Yahoo's board also announced a newly formed "executive leadership council" to assist with the review, consisting of General Counsel Michael Callahan, Chief Product Officer Blake Irving, Exec VP-Americas Ross Levinsohn, Senior VP-EMEA Rich Riley, and Senior VP-APAC Rose Tsou.
Ms. Bartz had struggled with several issues since her 2009 hiring, including a few key ones recently. Earlier this year Google passed Yahoo as the largest display ad player, for example, and Facebook is expected to pass both of them this year. That's a major blow to Yahoo, which had long been a leader in display advertising, touting its scale and relationships with major advertisers.
At a time when the online display market is growing faster than search, Yahoo's share of the display pie is declining. Online display is expected to grow 24.5% to $12.33 billion in 2011. Yahoo's share, however, is expected to decline to 13.1% in 2011 from 14.4% a year ago, according to an estimate from eMarketer.
Yahoo has struggled with integrating its search system with Microsoft's Bing in a deal that was struck two years ago. And Yahoo's business outside the U.S. has faced challenges, specifically in Asia where Ms. Bartz clashed with business partner Alibaba CEO Jack Ma.
At the time of her 2009 hiring, the feisty Ms. Bartz was a virtual unknown among advertisers. But in Silicon Valley, where she had previously helmed Autodesk, she was known as a keen operator, one who would bring focus to the company, cut the fat out of slower growing businesses and speed innovation.

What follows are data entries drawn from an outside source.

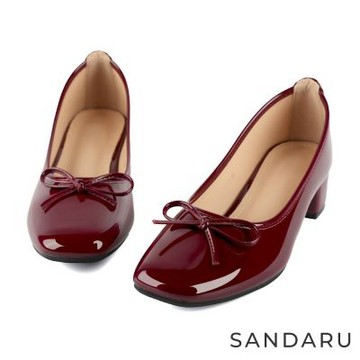 山打努SANDARU-跟鞋 微甜方頭蝴蝶結中跟鞋-酒紅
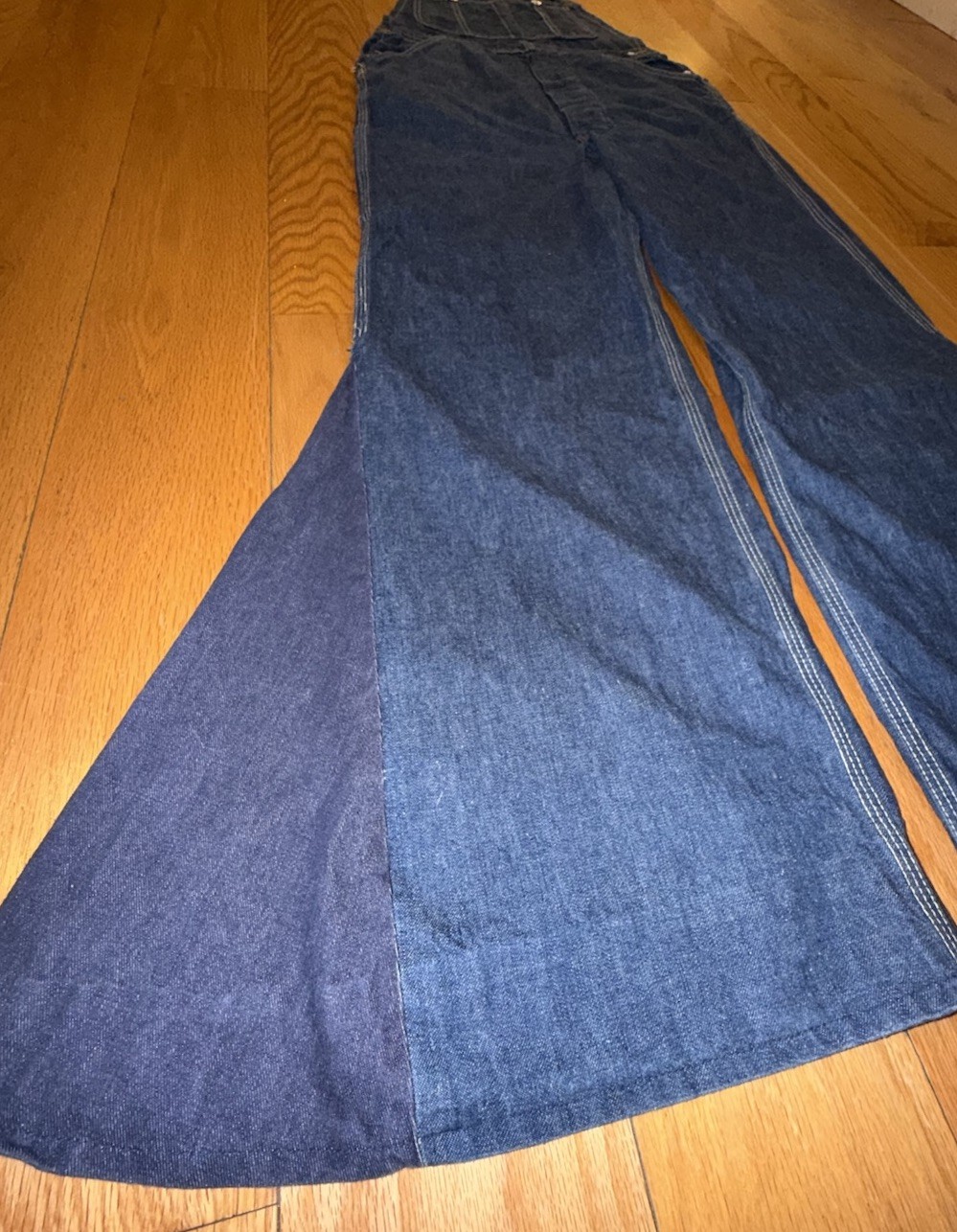 Vintage 1950s 50s Denim Overalls Custom 70s Flare Bell Bottom OOAK Jeans Sz 8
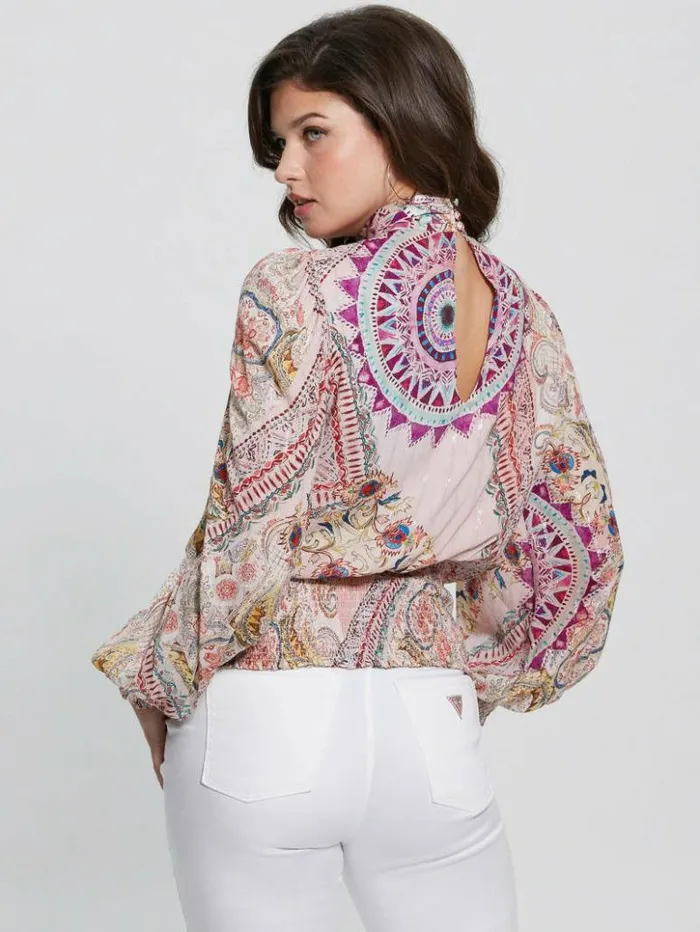 Women GUESS Tops Monique Top Carousel Print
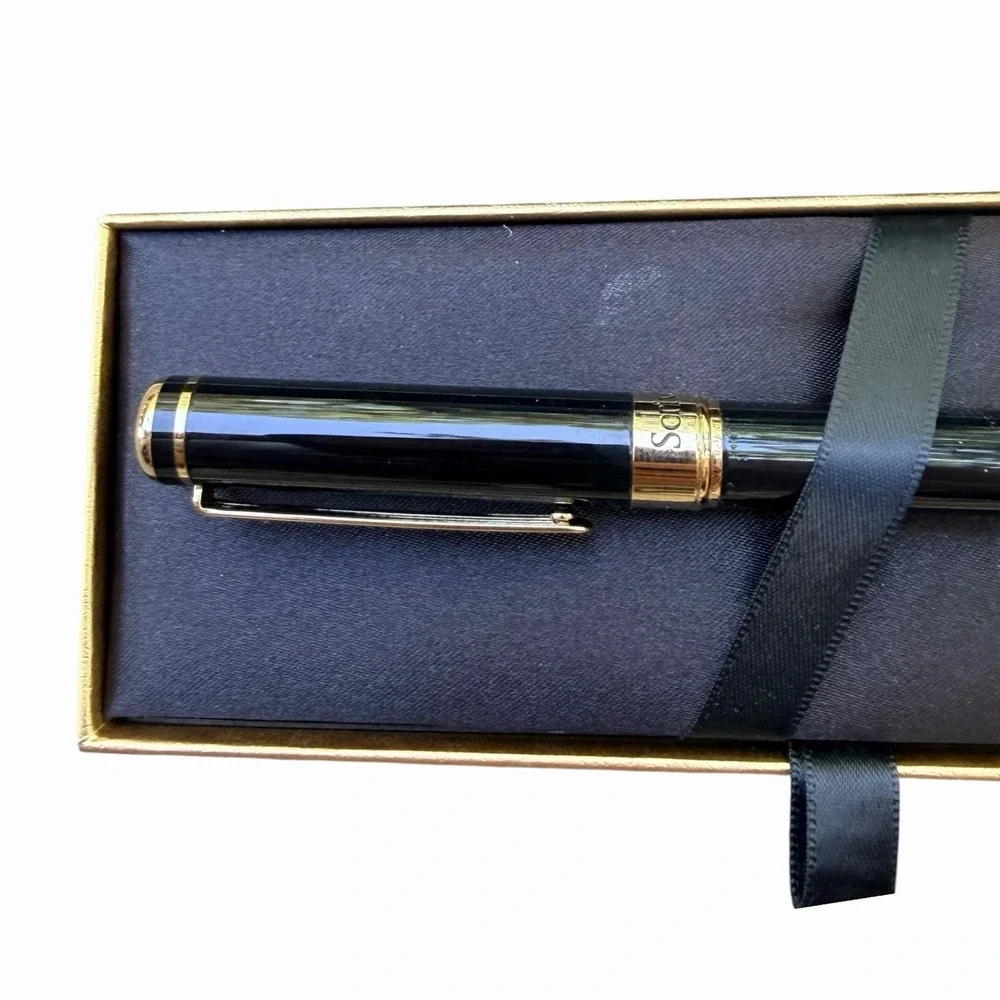 Scriveiner Black Lacquer Ballpoint Pen - Stunning Luxury Pen with 24K Gold Finis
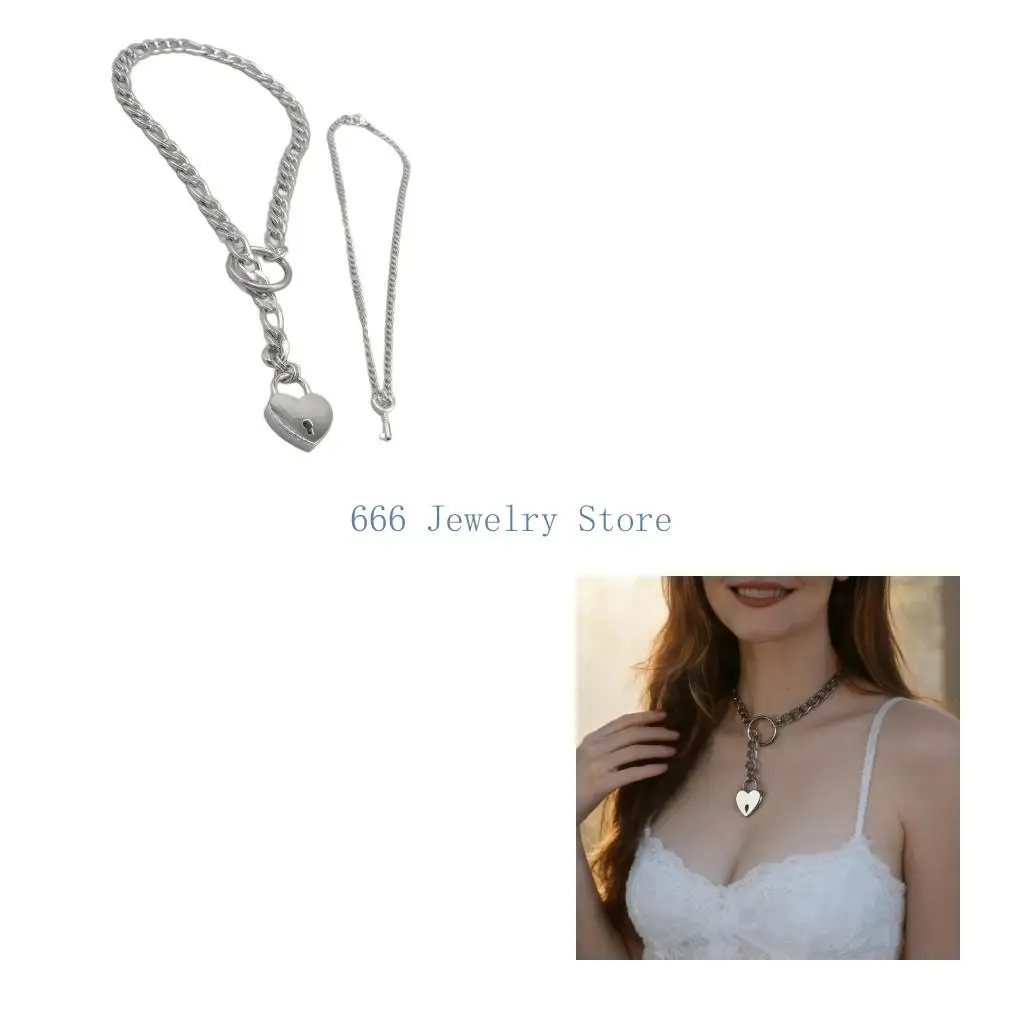 F2TD Pack of 2 Stainless Steel Heart Lock and Necklace Punk Rock Inspired Cuban Long Chain for Fashion Layering Outfit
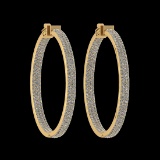 2.40 Ctw VS/SI1 Diamond 14K Yellow Gold Hoop Earrings (ALL DIAMOND ARE LAB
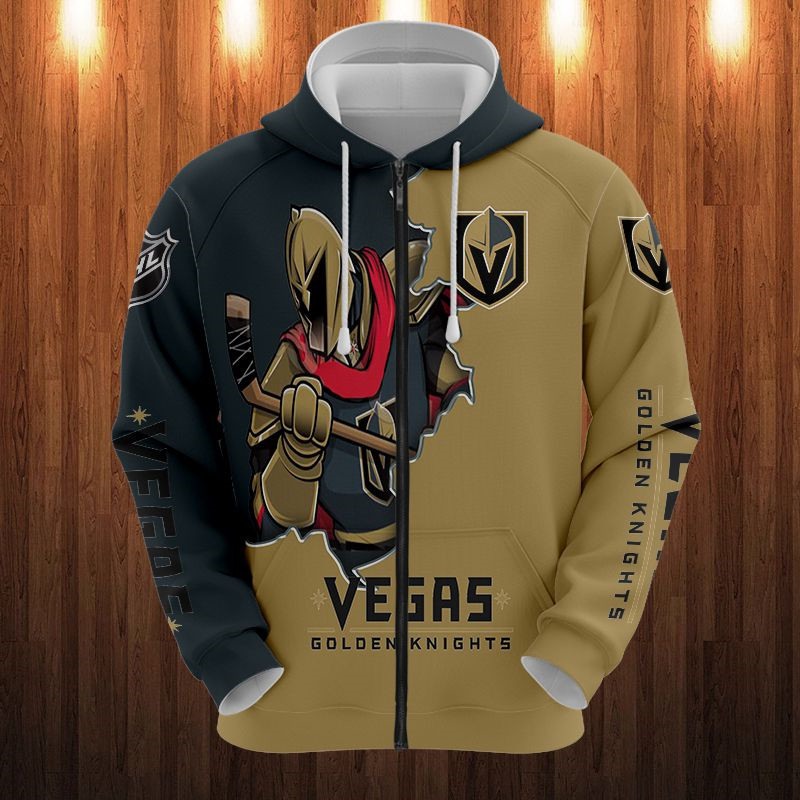 Vegas Golden Knights Hoodie 3D Zip Hoodie 3D Cartoon Graphic Zip Hoodie for Fan - Image 3
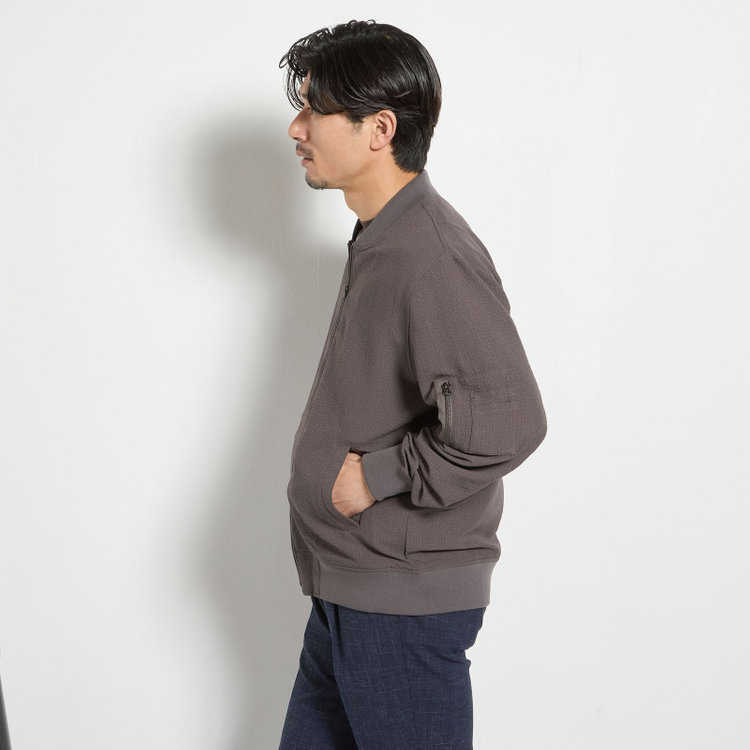 スタンリーブラッカ  【stanley blacker new york】シアサッカー MA-1/ブラウン 茶中間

Instead, the last several years have been filled with multiple rounds of layoffs and a sense that Yahoo had stalled, both on Madison Avenue, as a series of key sales talents have left, and in its engineering ranks, as it decided to exit the search technology business.
So what should Yahoo seek in its next leader? For starters, someone with a background in Yahoo's key business: advertising.
"The next CEO has to be someone who can articulate a clear value position to Madison Avenue," said Bryan Wiener, CEO of digital agency 360i. "Wall Street will not be happy until advertisers increase their spending which isn't going to happen until they're given a reason to believe."
But the Bartz replacement will also need to be someone with enough technical chops to attract engineering talent and seek new areas of innovation at the company. Yahoo still has massive reach, remains a major player in email and has key mobile projects in the works. But it won't be easy competing with the likes of Facebook, Google and Microsoft for smart tech talent.
In keeping with her direct, abrupt manner, Ms. Bartz fired off a note to her staff tonight -- on her iPad, no less:
I am very sad to tell you that I've just been fired over the phone by Yahoo's Chairman of the Board. It has been my pleasure to work with all of you and I wish you only the best going forward.